A production-quality Python tool that automatically fetches order confirmation emails from Zomato, Swiggy, Swiggy Instamart, Blinkit, and Zepto via Gmail API, parses them into structured data, and generates comprehensive Excel reports with charts and CSV exports.


✨ Features

Feature Details
Platforms Zomato, Swiggy, Swiggy Instamart, Blinkit, Zepto
Email parsing Regex + BeautifulSoup HTML parsing + MIME decoding
Data extracted Order ID, Payment ID, Amount, Date, Store, Status
Deduplication SQLite cache prevents re-parsing emails
Cancellation detection Detects cancelled/refunded orders
Excel reports 6-sheet workbook with charts, filters, currency formatting
CSV exports Per-platform, per-month, and full-dataset CSVs
Scheduling APScheduler cron-based auto-runs
CLI Rich Click-based commands
Unit tests 35 passing pytest tests

📁 Project Structure

gmail_order_parser/
├── main.py                    # CLI entry point
├── gmail_auth.py              # OAuth2 Gmail authentication
├── gmail_fetcher.py           # Email fetching + routing
├── database.py                # SQLite caching layer
├── scheduler.py               # APScheduler daemon
├── requirements.txt
├── .env.example               # Sample environment config
│
├── config/
│   ├── settings.py            # Typed config from .env
│   └── logger.py              # Colored console + file logging
│
├── parsers/
│   ├── __init__.py            # Parser registry
│   ├── base_parser.py         # Abstract base with shared utilities
│   ├── zomato_parser.py
│   ├── swiggy_parser.py
│   ├── instamart_parser.py
│   ├── blinkit_parser.py
│   └── zepto_parser.py
│
├── reports/
│   ├── excel_generator.py     # Full Excel workbook generator
│   └── csv_exporter.py        # CSV export module
│
├── tests/
│   └── test_parsers.py        # 35 unit tests
│
├── scripts/
│   └── generate_sample_report.py  # Demo without Gmail access
│
├── data/                      # SQLite database (auto-created)
├── reports/                   # Generated Excel files
├── exports/                   # Generated CSV files
└── logs/                      # Log files

🚀 Quick Start

1. Clone & Install

git clone <repo-url>
cd gmail_order_parser
pip install -r requirements.txt

2. Configure Environment

cp .env.example .env
# Edit .env as needed (see Configuration section)

3. Set Up Gmail OAuth2

Step-by-step OAuth Setup:

  1. Go to Google Cloud Console
  2. Create a new project (or select existing)
  3. Navigate to APIs & Services → Library
  4. Search for Gmail API and click Enable
  5. Go to APIs & Services → Credentials
  6. Click Create Credentials → OAuth 2.0 Client IDs
  7. Application type: Desktop app
  8. Name it anything (e.g., "Gmail Order Parser")
  9. Click CreateDownload JSON
  10. Rename the downloaded file to credentials.json
  11. Place it in the config/ directory
gmail_order_parser/
└── config/
    └── credentials.json   ← put it here

First Run Authentication:

python main.py fetch-emails

A browser window will open asking you to authorize the app.
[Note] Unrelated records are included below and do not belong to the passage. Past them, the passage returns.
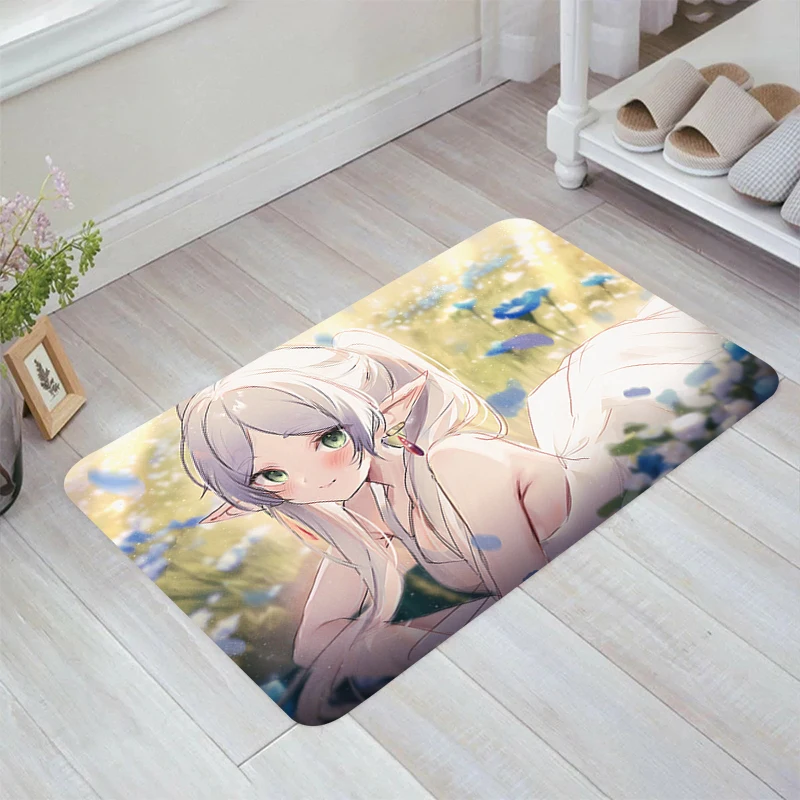 

Frieren Anime Girl Floor Mat Home Carpet Entrance of House Room Rugs Carpets Kitchen Rug Balcony Foot Doormat Door Mats Bathroom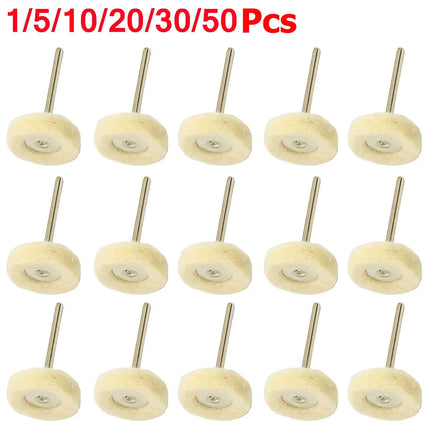 1/5/10/20/50Pcs 1" Wool Felt Mini Polishing Brush Wheel Grinding Sanding Head Abrasive Buffing 3mm Shank Cotton For Dremel Tools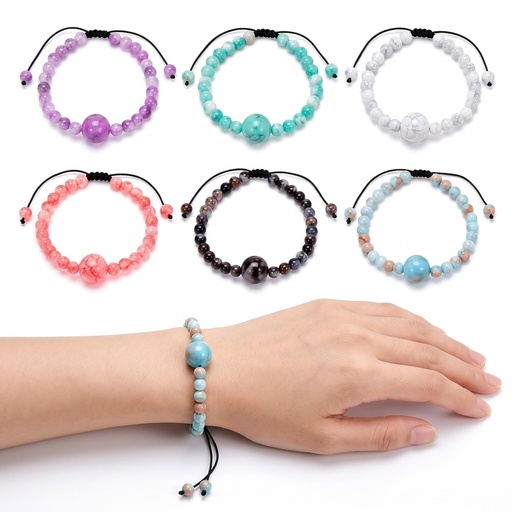 [BRSROZTQDEFQGAIV] Mipcase 6 Pcs Motion Sickness Bracelets for Morning, Car, Sea, Sickness | Anti Nausea Beaded Bracelets, Acupressure Wristband, Glass Bead Wrist Chain, for Women Daily Wear Travel and Outfit Matching
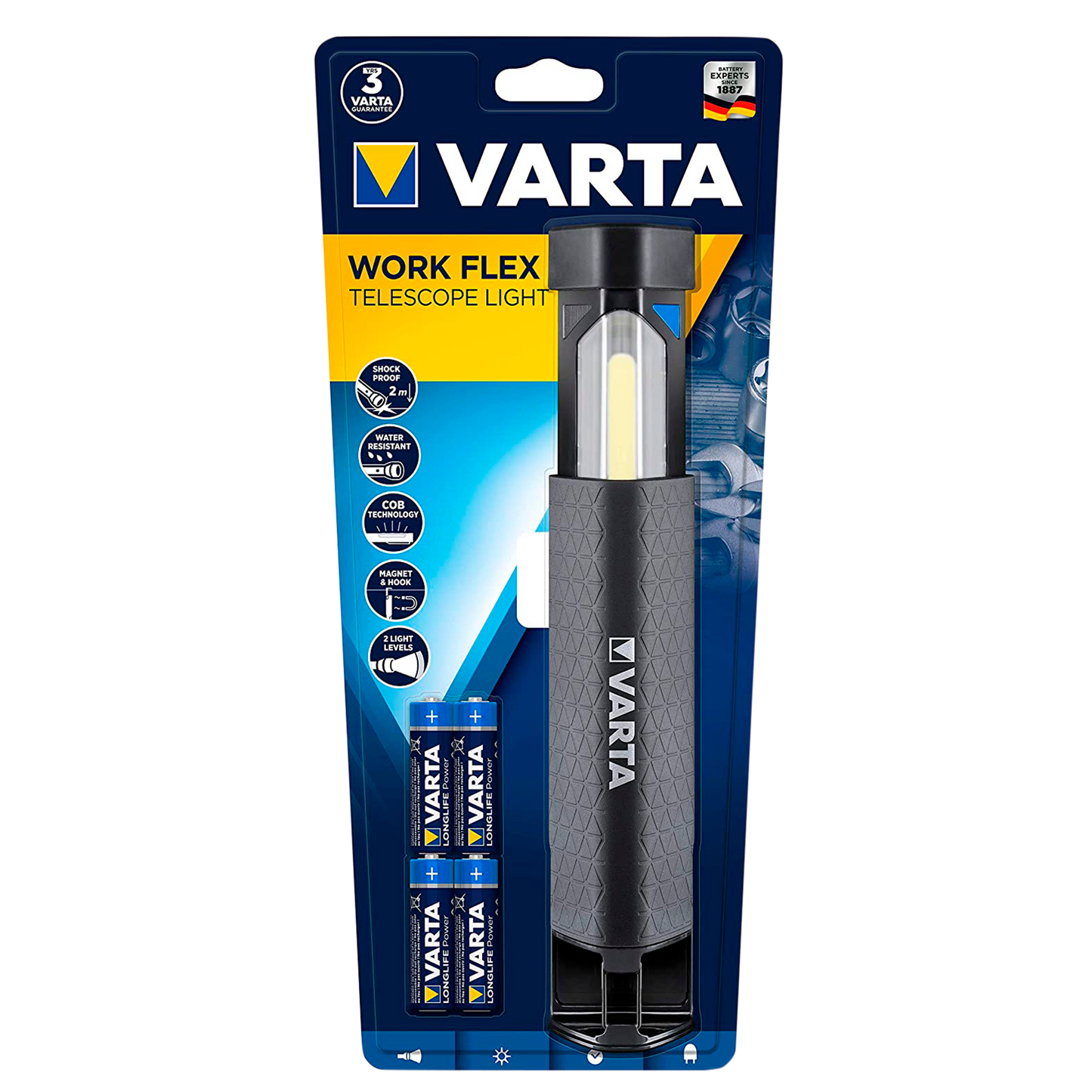 Linterna Varta LED 5W IP54 Negra, vista frontal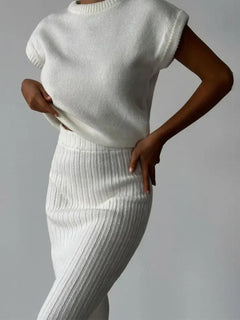 Women’s Cap-Sleeve Knit Skirt Set – Relaxed Crew-Neck Top with Ribbed Midi Skirt for Everyday Wear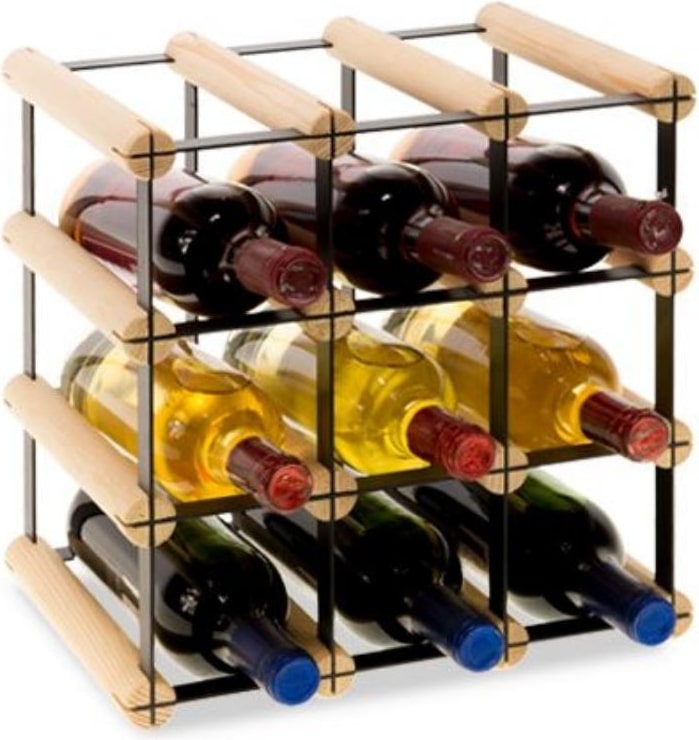 PROREGAL Modulares Weinregal VINOTECA MOD METAL | HxBxT 32,5x32,5x24,5cm | 3x3 Flaschen | Massives Kiefernholz | Natur | Flaschenregal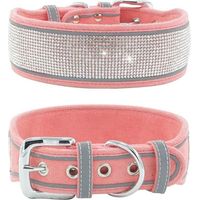 Collier pour chien réfléchissant moyen grand chien paillettes en daim avec strass, cravate pour animaux de compagnie et numéros de téléphone portable anti-perte (rose)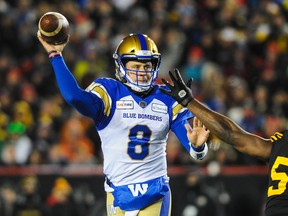 Zach Collaros of the Winnipeg Blue Bombers passes against the Hamilton Tiger-Cats during the 107th Grey Cup Championship Game at McMahon Stadium on Nov. 24, 2019 in Calgary.
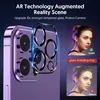 A close-up of a phone camera lens protector with marketing text and images of people. Produktbild-Vorschau
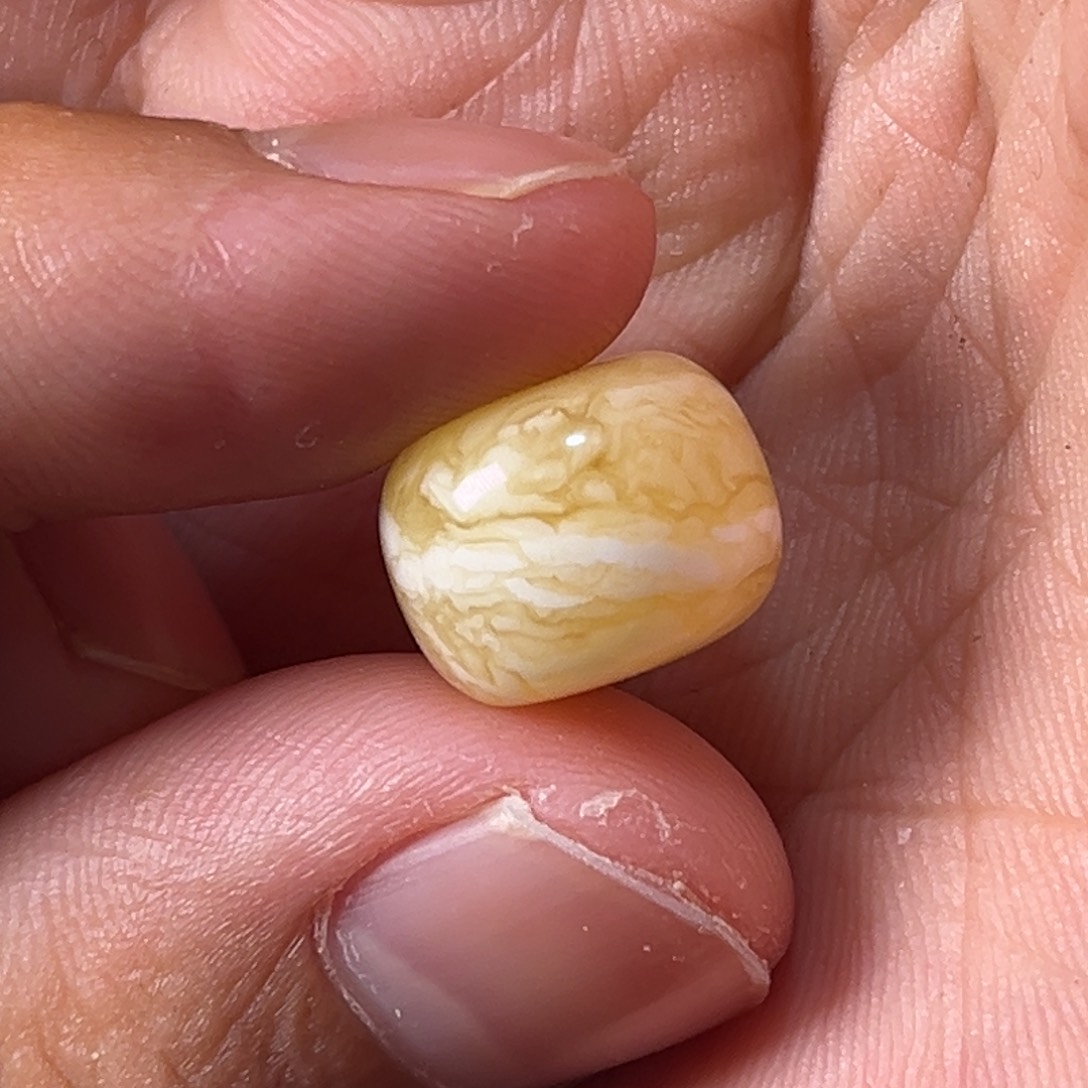 未镶嵌琥珀裸石蜜蜡虎皮纹13.4毫米老型墩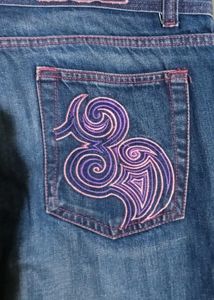 fuelz blue unisex wide leg denim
Sign in with the Gmail account containing your order emails. The token is saved to config/token.json for future runs.


💻 CLI Commands

# Fetch and parse new emails from Gmail
python main.py fetch-emails

# Fetch with custom options
python main.py fetch-emails --max 200 --from-date 2024-01-01

# Generate Excel report
python main.py generate-report

# Generate report for one platform only
python main.py generate-report --platform Zomato

# Export all orders to CSV
python main.py export-csv

# Print monthly summary to console
python main.py monthly-summary

# Filter by year
python main.py monthly-summary --year 2024

# Run everything in one command
python main.py run-all

# Start the scheduler daemon
python main.py schedule

# Show database statistics
python main.py stats

📊 Excel Report Structure

The generated .xlsx workbook contains 6 sheets:

Sheet Contents
Dashboard KPI cards, platform breakdown
Raw Orders All orders with filters, colored rows for cancellations
Monthly Summary Month-wise spend totals with grand total row
Platform Summary Per-platform orders, spend, cancelled/refunded counts
Payment Methods Payment method breakdown with % of total
Charts Bar chart (monthly spend) + Pie chart (platform split)

Formatting Features

  • ✅ Frozen header rows
  • ✅ Auto-filters on all columns
  • ✅ Currency formatting (₹#,##0.00)
  • ✅ Alternating row colors
  • ✅ Platform-colored rows
  • ✅ Cancelled orders highlighted in pink
  • ✅ Refunded orders highlighted in orange

⚙️ Configuration (.env)

# Path to OAuth credentials
GOOGLE_CREDENTIALS_PATH=config/credentials.json
GOOGLE_TOKEN_PATH=config/token.json

# Database location
DB_PATH=data/orders.db

# Output directories
REPORTS_DIR=reports
EXPORTS_DIR=exports
LOGS_DIR=logs

# Logging: DEBUG, INFO, WARNING, ERROR
LOG_LEVEL=INFO

# Cron for auto-schedule (default: 8 AM daily)
SCHEDULE_CRON=0 8 * * *

# Max emails per run (0 = unlimited)
MAX_EMAILS=500

# Only fetch emails after this date
FETCH_FROM_DATE=2024-01-01

# Platforms to scan
ENABLED_PLATFORMS=zomato,swiggy,instamart,blinkit,zepto

🧪 Running Tests

python -m pytest tests/ -v

All 35 tests cover:

  • Parser can_parse() matching for each platform
  • Order data extraction (amount, payment method, type)
  • Cancellation/refund detection
  • Base parser utilities (amount extraction, date parsing, HTML stripping)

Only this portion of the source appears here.